Exercise inputs:
----

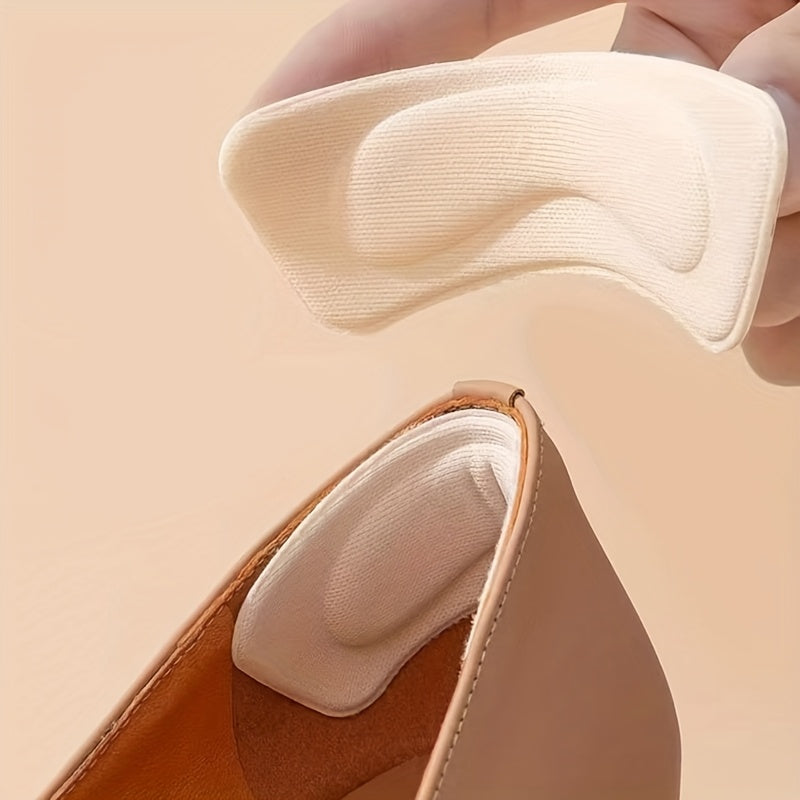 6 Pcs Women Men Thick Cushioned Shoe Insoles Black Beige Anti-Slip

----

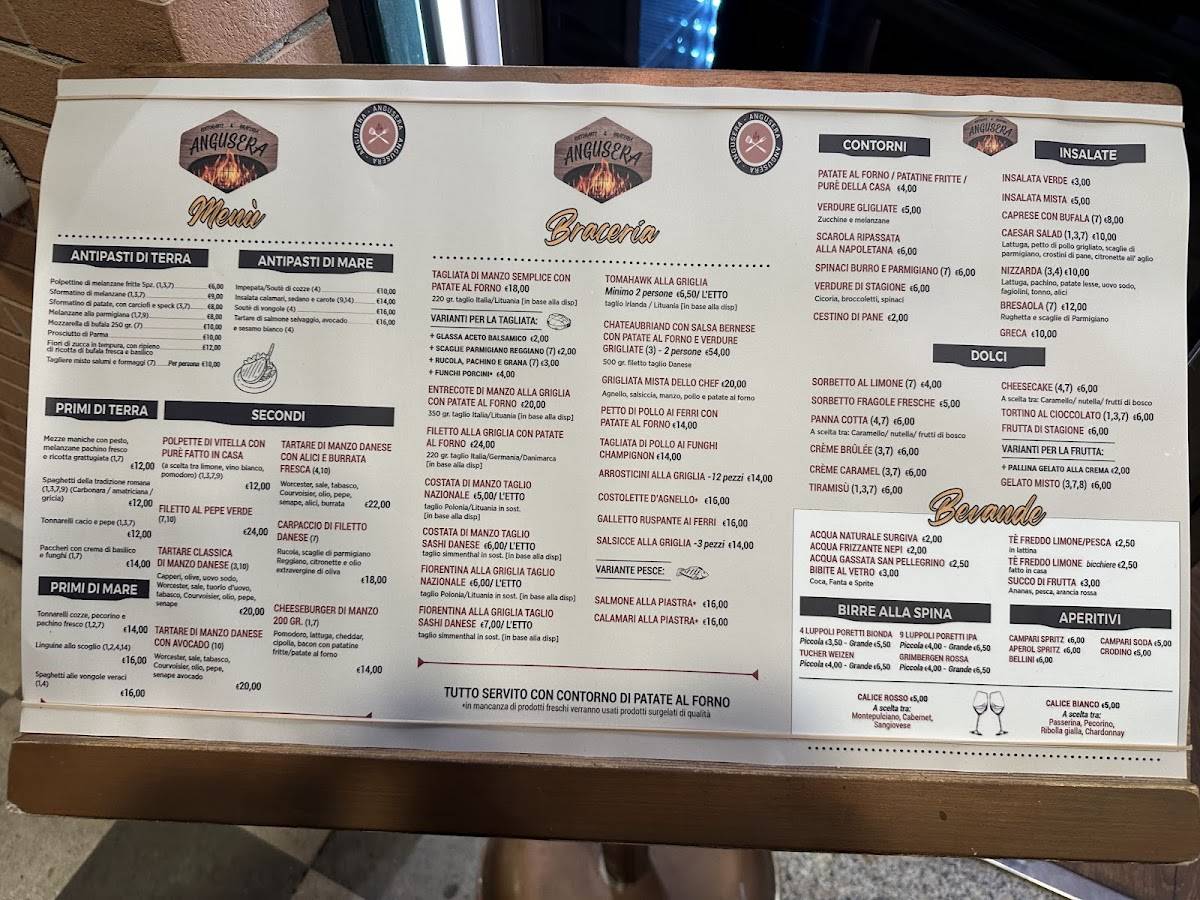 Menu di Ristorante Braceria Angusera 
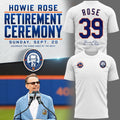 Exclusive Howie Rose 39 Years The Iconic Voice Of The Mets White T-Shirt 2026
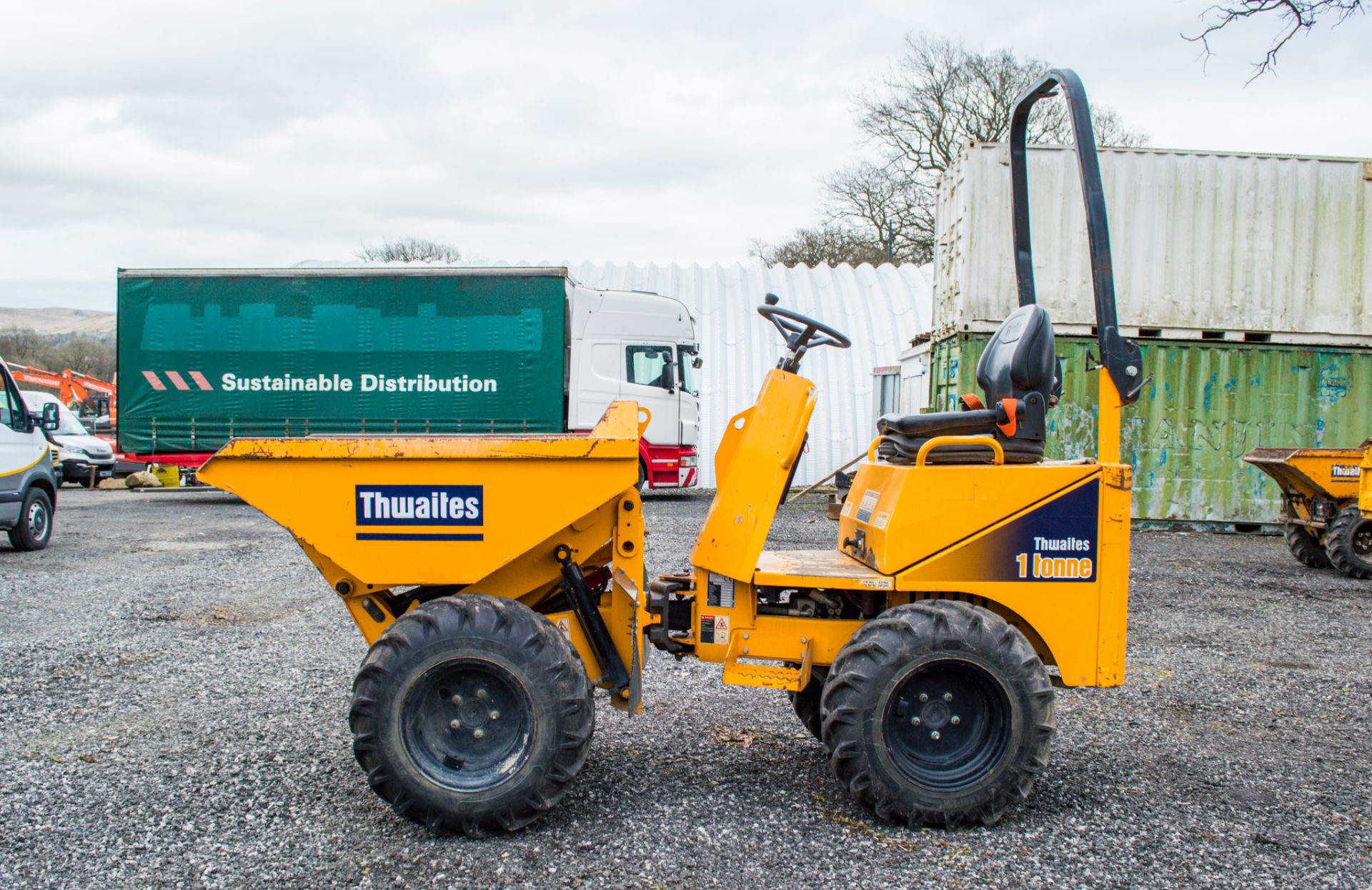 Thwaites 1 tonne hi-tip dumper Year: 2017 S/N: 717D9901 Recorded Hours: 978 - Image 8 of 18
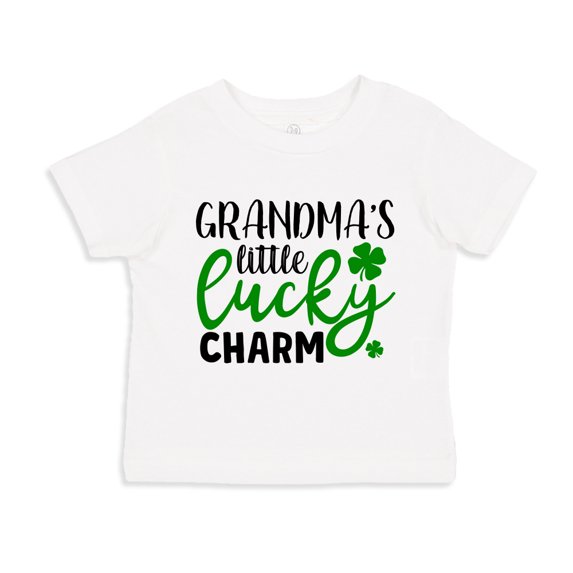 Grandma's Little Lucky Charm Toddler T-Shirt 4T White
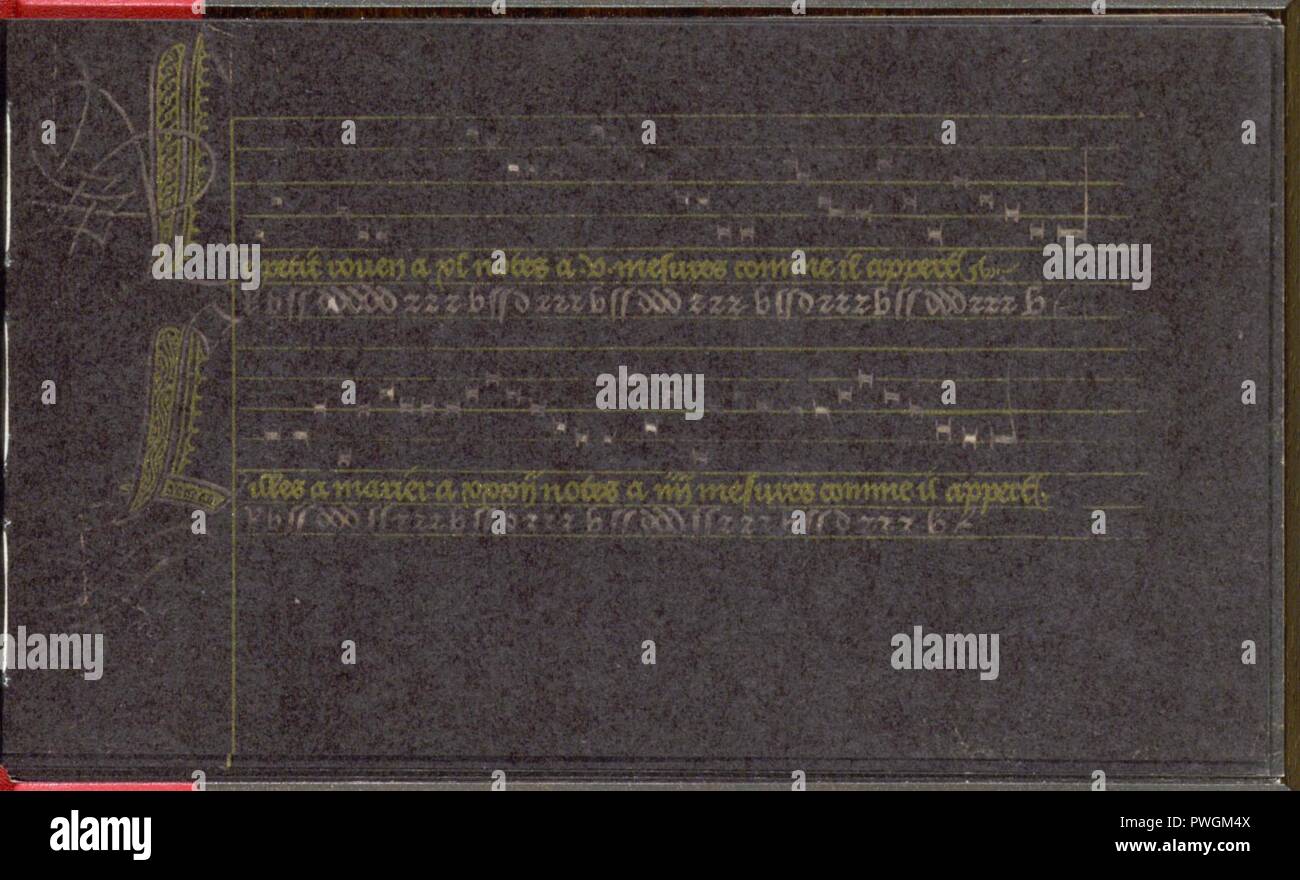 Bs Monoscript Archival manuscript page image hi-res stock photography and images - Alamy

----

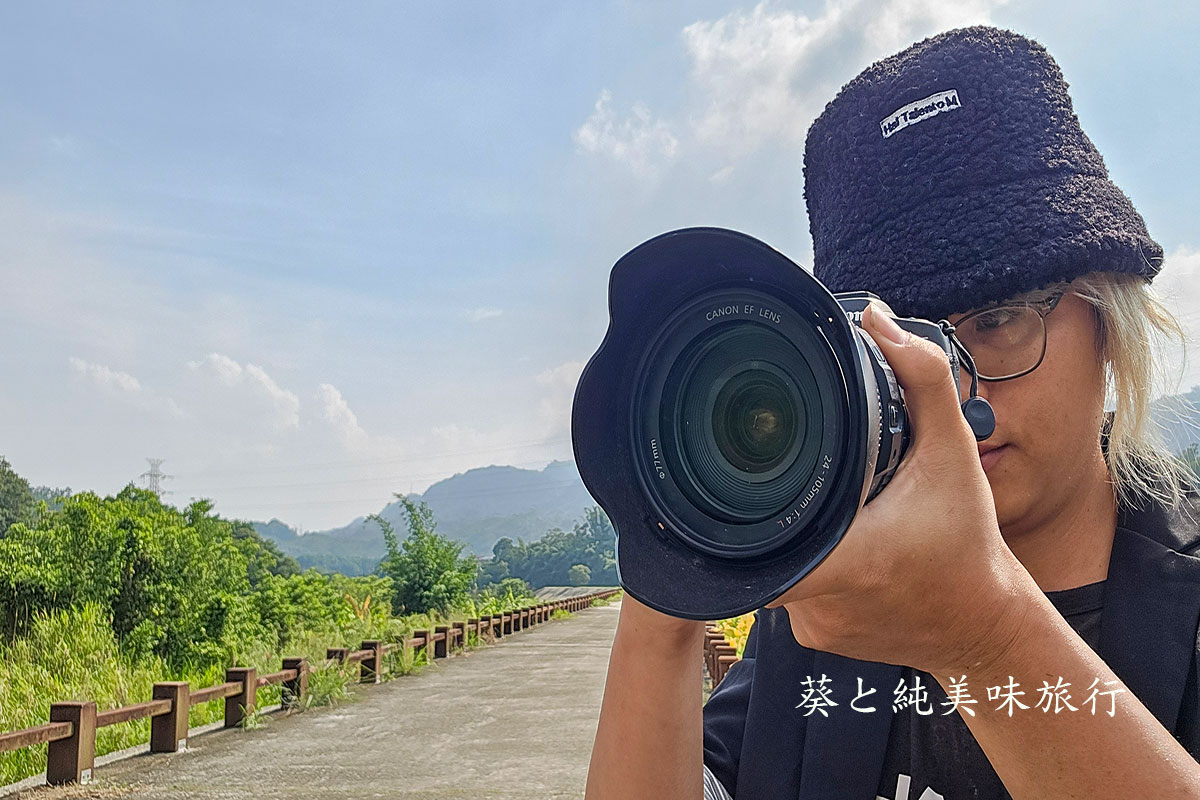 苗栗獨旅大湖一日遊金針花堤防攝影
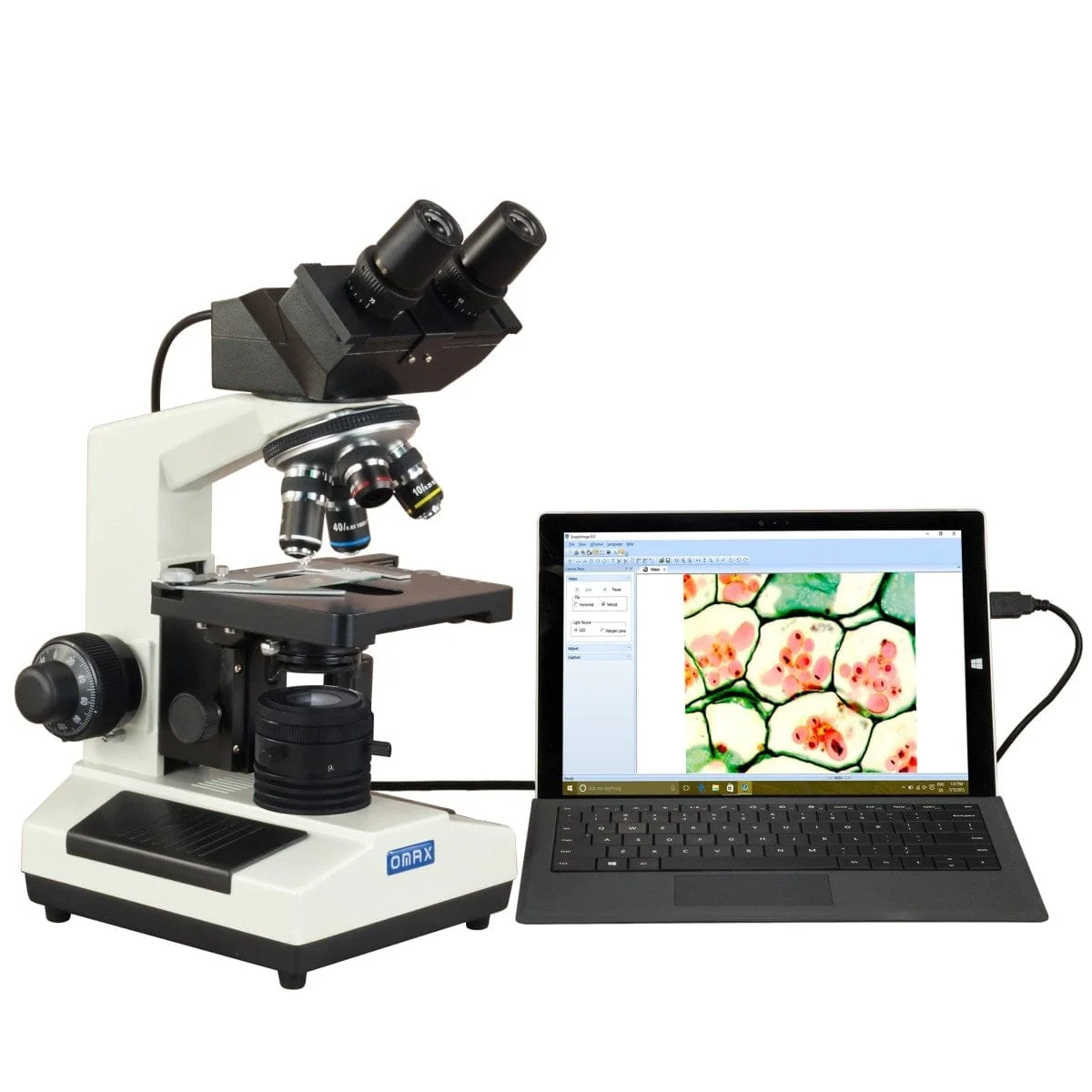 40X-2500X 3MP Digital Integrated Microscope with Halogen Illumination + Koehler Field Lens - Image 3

----

Once the line with "Thwaites 1 tonne" is found in the data above, reproduce it and each line after it exactly, through the line with "Bs Monoscript Archival". Omit the pictures.

Task result:
 Thwaites 1 tonne hi-tip dumper Year: 2017 S/N: 717D9901 Recorded Hours: 978 - Image 8 of 18
 Grandma's Little Lucky Charm Toddler T-Shirt 4T White
 Bs Monoscript Archival manuscript page image hi-res stock photography and images - Alamy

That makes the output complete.